(Cc: Alex, John, Joel, Alistair, nouveau)
On Thu Sep 4, 2025 at 11:37 AM CEST, Danilo Krummrich wrote:
> On Thu Sep 4, 2025 at 12:11 AM CEST, Zhi Wang wrote:
>> diff --git a/drivers/vfio/pci/nvidia-vgpu/include/nvrm/gsp.h
>> b/drivers/vfio/pci/nvidia-vgpu/include/nvrm/gsp.h
>> new file mode 100644
>> index 000000000000..c3fb7b299533
>> --- /dev/null
>> +++ b/drivers/vfio/pci/nvidia-vgpu/include/nvrm/gsp.h
>> @@ -0,0 +1,18 @@
>> +/* SPDX-License-Identifier: MIT */
>> +#ifndef __NVRM_GSP_H__
>> +#define __NVRM_GSP_H__
>> +
>> +#include <nvrm/nvtypes.h>
>> +
>> +/* Excerpt of RM headers from
>> https://github.com/NVIDIA/open-gpu-kernel-modules/tree/570 */
>> +
>> +#define NV2080_CTRL_CMD_GSP_GET_FEATURES (0x20803601)
>> +
>> +typedef struct NV2080_CTRL_GSP_GET_FEATURES_PARAMS {
>> + NvU32 gspFeatures;
>> + NvBool bValid;
>> + NvBool bDefaultGspRmGpu;
>> + NvU8 firmwareVersion[GSP_MAX_BUILD_VERSION_LENGTH];
>> +} NV2080_CTRL_GSP_GET_FEATURES_PARAMS;
>> +
>> +#endif
>
> <snip>
>
>> +static struct version supported_version_list[] = {
>> + { 18, 1, "570.144" },
>> +};
>
> nova-core won't provide any firmware specific APIs, it is meant to serve as a
> hardware and firmware abstraction layer for higher level drivers, such as vGPU
> or nova-drm.
>
> As a general rule the interface between nova-core and higher level drivers
> must
> not leak any hardware or firmware specific details, but work on a higher level
> abstraction layer.
>
> Now, I recognize that at some point it might be necessary to do some kind of
> versioning in this API anyways.
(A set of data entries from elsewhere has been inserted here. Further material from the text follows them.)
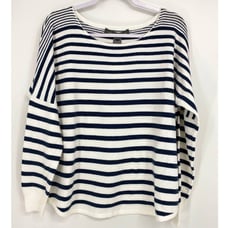 French Connection Women's Drop Shoulder Blue White Striped Tunic Sweater- NEW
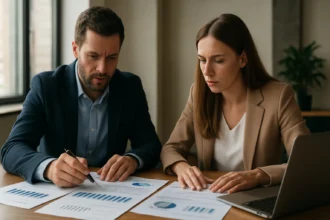 Dvojica odborníkov analyzuje finančné dokumenty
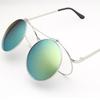 Year Retro Round Sunglasses Large Frame Prince Glasses Men'S And Women'S Metal Flip Sunglasses Double Layer Lenses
For instance, when the semantics of the
> firmware
> API changes too significantly.
>
> However, this would be a separte API where nova-core, at the initial
> handshake,
> then asks clients to use e.g. v2 of the nova-core API, still hiding any
> firmware
> and hardware details from the client.
>
> Some more general notes, since I also had a look at the nova-core <-> vGPU
> interface patches in your tree (even though I'm aware that they're not part of
> the RFC of course):
>
> The interface for the general lifecycle management for any clients attaching
> to
> nova-core (VGPU, nova-drm) should be common and not specific to vGPU. (The
> same
> goes for interfaces that will be used by vGPU and nova-drm.)
>
> The interface nova-core provides for that should be designed in Rust, so we
> can
> take advantage of all the features the type system provides us with connecting
> to Rust clients (nova-drm).
>
> For vGPU, we can then monomorphize those types into the corresponding C
> structures and provide the corresponding functions very easily.
>
> Doing it the other way around would be a very bad idea, since the Rust type
> system is much more powerful and hence it'd be very hard to avoid introducing
> limitations on the Rust side of things.
>
> Hence, I recommend to start with some patches defining the API in nova-core
> for
> the general lifecycle (in Rust), so we can take it from there.
>
> Another note: I don't see any use of the auxiliary bus in vGPU, any clients
> should attach via the auxiliary bus API, it provides proper matching where
> there's more than on compatible GPU in the system. nova-core already registers
> an auxiliary device for each bound PCI device.
>
> Please don't re-implement what the auxiliary bus already does for us.
>
> - Danilo